I was feverishly connecting the dots between my art process and my spiritual practice, and so a sixty-piece series was born over the next three years featuring creatures departing colorful cityscapes, and headed for the wild woods- as we who practice journeywork experience each time we relax into the drums and depart consciousness for wisdom that resides deep within us.
What was so important to me was to integrate all of the separate categories and classifications of my life and roll them into my everday muchness. I'd been practicing shamanic journeys once a month in circle, painting on rare occasion, when Brandon would take Miles out for a walk, and mothering in a compartmentalized way that was unbalanced, and yet I was so wholly absorbed and in love with. I don't think I realized that I could do them all at once and not one of them would go hungry.
It was a very big three years. Today I sat looking through some old journals, tearing out pages on which I'd written letters to the babies in my belly, to put in their special tin boxes for later. I'd written all of my dreams down, and my journeys too, and I could see now, seven years beyond the first page of baby notes, how I'd been planting those seeds of integration back then. I don't know why it surprised me, how it all matched up-why is it that we wake up each day and think that what we're building and growing is something new, when in fact, it's been unfolding all of this time? I suffer a bit of Groundhog Day syndrome sometimes, I think. In actuality, life is rolling along like a bicycle wheel going forward and also coming back around to the same place over and over...
Tomorrow is a very big day. As was prophesied in the pages of my journals, I'd yearned for our family to all be home together then, working and living under one shelter. Yet with the past year being the toughest ever on my fourteen-year marriage, I believed that I'd be releasing the sacred contract on the Winter Solstice just past. I'd known for some time that a very old something needed to be let go of. But Superdad and I made an entirely different decision, on the turn of a dime. We resolved to bring him home from his day job and put our family firmly together, rather than stretching it apart. The old way is the model that most of our parents showed us, which reminds me of the post-war television show Mad Men: that Dad is away from home about fifty hours a week, missing out on being a parent for most of the babes' waking hours and too tired to nurture his own creative dreams while turning someone else's crank. This family/work/life model has never worked for us, and it's caused us much grief to be out of alignment for this long.

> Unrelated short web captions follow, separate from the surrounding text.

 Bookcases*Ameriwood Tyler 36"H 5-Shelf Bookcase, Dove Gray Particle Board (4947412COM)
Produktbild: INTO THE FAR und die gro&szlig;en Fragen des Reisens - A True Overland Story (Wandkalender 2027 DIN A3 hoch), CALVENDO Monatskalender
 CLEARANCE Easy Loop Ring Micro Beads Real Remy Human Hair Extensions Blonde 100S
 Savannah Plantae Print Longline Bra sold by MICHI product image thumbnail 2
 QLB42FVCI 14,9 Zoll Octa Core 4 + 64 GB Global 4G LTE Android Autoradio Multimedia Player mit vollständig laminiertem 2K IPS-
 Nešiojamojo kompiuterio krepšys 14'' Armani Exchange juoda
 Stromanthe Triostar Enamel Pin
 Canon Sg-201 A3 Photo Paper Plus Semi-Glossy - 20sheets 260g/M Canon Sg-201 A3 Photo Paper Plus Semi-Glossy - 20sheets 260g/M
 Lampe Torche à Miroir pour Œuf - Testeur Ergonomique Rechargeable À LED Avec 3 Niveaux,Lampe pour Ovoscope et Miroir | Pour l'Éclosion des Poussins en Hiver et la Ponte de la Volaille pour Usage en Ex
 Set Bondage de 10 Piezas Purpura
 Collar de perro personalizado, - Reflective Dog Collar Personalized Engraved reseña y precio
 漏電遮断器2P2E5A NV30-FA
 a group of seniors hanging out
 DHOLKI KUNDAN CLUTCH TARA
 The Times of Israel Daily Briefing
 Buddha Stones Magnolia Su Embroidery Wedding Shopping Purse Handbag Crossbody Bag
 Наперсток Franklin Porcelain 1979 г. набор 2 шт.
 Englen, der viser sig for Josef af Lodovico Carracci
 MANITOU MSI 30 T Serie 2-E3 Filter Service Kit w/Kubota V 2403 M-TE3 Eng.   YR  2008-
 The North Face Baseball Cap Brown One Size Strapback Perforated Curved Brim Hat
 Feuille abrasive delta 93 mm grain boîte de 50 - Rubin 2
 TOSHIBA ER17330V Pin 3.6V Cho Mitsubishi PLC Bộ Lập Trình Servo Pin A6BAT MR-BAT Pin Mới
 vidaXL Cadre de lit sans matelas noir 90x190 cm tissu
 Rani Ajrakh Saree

That crafty vixen of change has shifted directions again, making her way out of my dreams and into Ordinary Reality, as my own multi-faceted processes have integrated into one, so she has come forth to appear right here for the whole, in real time. I share this somewhat vulnerably, as there is plenty of risk at hand. Though I must say, that nothing is worth more than taking it. Deeeep breath.
Another page is turning in this story- as my partner will arrive home tomorrow evening after the last day of a twenty-two year career in industrial design, to champagne and children full of anticipation-a piece of emotional parchment that I have held close to my chest (like aces).
It seems we'll be pioneering a new model from scratch (like cream biscuits).
***
Fox is graceful change. She begins her process by opening up to new patterns she may not have considered before. Fox changes herself to bring about a desired situation, not unlike shapeshifting. She may use camouflage or invisibility to burrow under and blend in if necessary, in order to find out how she fits in. She listens carefully, creates comfort all around her, and tunes into her instincts. Her keen perception serves her well when the time comes to make a decision. Fox cozies up and protects herself before she trots off into her new adventure- expecting the unexpected, and willing to be guided.